It was exciting to finally step foot in Tarawa, the capital of the Republic of Kiribati, after hearing about it for so long — my advisor has worked here for a decade or so, and I’ve spent my last three years as his student hearing about his work and its accompanying adventures. I’ve also spoken with other folks who have worked and visited Tarawa, and I’m sorry to say that I’ve read Maartin J. Troost’s, The Sex Lives of Cannibals (I could write a whole blog post about why this is not a good book, but its exploitative and he is neither fair nor charitable with his descriptions of life here). All that goes to say that I had very clear images of what Kiribati would be like, both for better and for worse, before stepping off the plane on Thursday.
To be fair, you won’t be greeted at the Kiribati airport with a lei like in some of the more touristy destinations of the Pacific. The beaches have white sand and turquoise water, but are often littered with both trash and the relics left behind by the bloody battles that took place here during World War II. It’s stunningly beautiful, but it’s not exactly paradise the way it would be defined in romanticized Western narratives (although I don’t think such a place really exists).
Having context is paramount to understanding what the Pacific Islands are like. The same countries that tend to judge Kiribati harshly have caused the problems facing the people here (such as climate change and the poverty that was left in the wake of colonization). It is unfair for westerners to criticize Kiribati for the ways they’re using their limited resources to surviving challenges that were forced upon them through no fault of their own.
The people in Kiribati are nothing if not resilient. We had a lot of logistics to organize when we first arrived, which meant that we spent most of our first day driving up and down the one paved road connecting the islands in South Tarawa. It’s immediately evident, even from the plane, that Tarawa is battling against climate change; land is limited, sand bags and sea walls line the coastlines, and road construction projects to fortify the main road have been happening for years. We also saw the products of a mangrove planting project, which will help to protect the coastline from erosion caused by rising sea levels and waves. There is even a recycling program in Tarawa, no small feat for a small island that has to ship their trash elsewhere, and Erietera, who works for Kiribati’s fisheries program and is joining us on our dives, told us about an initiative in his village to ban all plastics. I’ve not heard of any programs like this elsewhere in the Pacific, and the Kiribati people are rightfully proud of their hard work.
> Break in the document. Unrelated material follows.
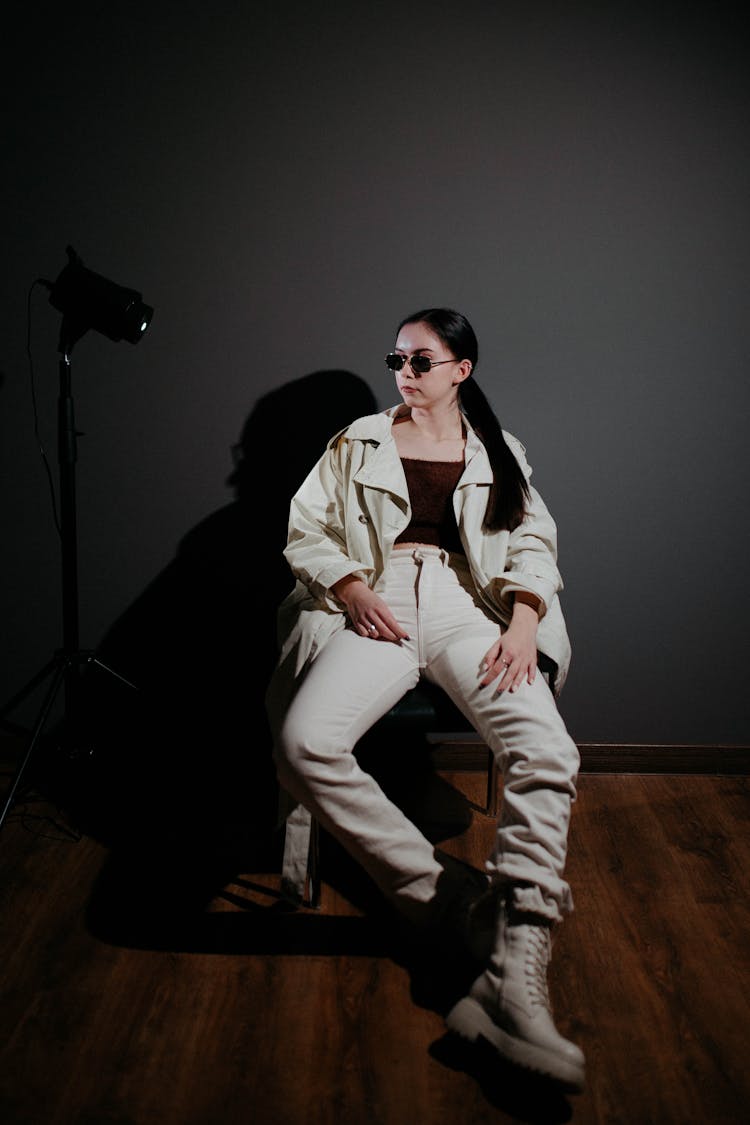 Woman In Sunglasses Posing In Studio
My advisor is fond of talking about how much people in Kiribati love to laugh, and I’ve found that to be true in the most delightful ways. As a woman, it can be challenging to do fieldwork in the Pacific Islands, some of which are very conservative (here, we need to keep our legs covered above the knees and have to wear shirts that cover our shoulders, even while on the boat and in the water). While it doesn’t erase or minimize the difficulties, being able to joke with the people we are working with (all of whom are men, although there have been women doing diving work for the fisheries department in the past) helps to break the ice.
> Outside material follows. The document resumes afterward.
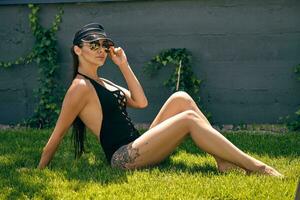 Woman posing sitting on a green grass of a recreation center or hotel with a swimming pool. Dressed in a black swimsuit, sun visor and sunglasses. photo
I’ve only been here for a few days and I’m still getting my bearings, but it’s been a lot of fun so far. We did our first day of diving yesterday, and it went relatively smoothly, despite a few minor mishaps (but it always takes a day or two to get the swing of things). I’ll post more about the science we’re doing soon, if you’re curious — there’s a lot more going on this trip than what we did in the Marshall Islands, and I’m pretty excited about what we’ll learn. In the meantime, I’m enjoying the opportunity to explore and get to know Tarawa and all the wonderful people we’re having the chance to meet!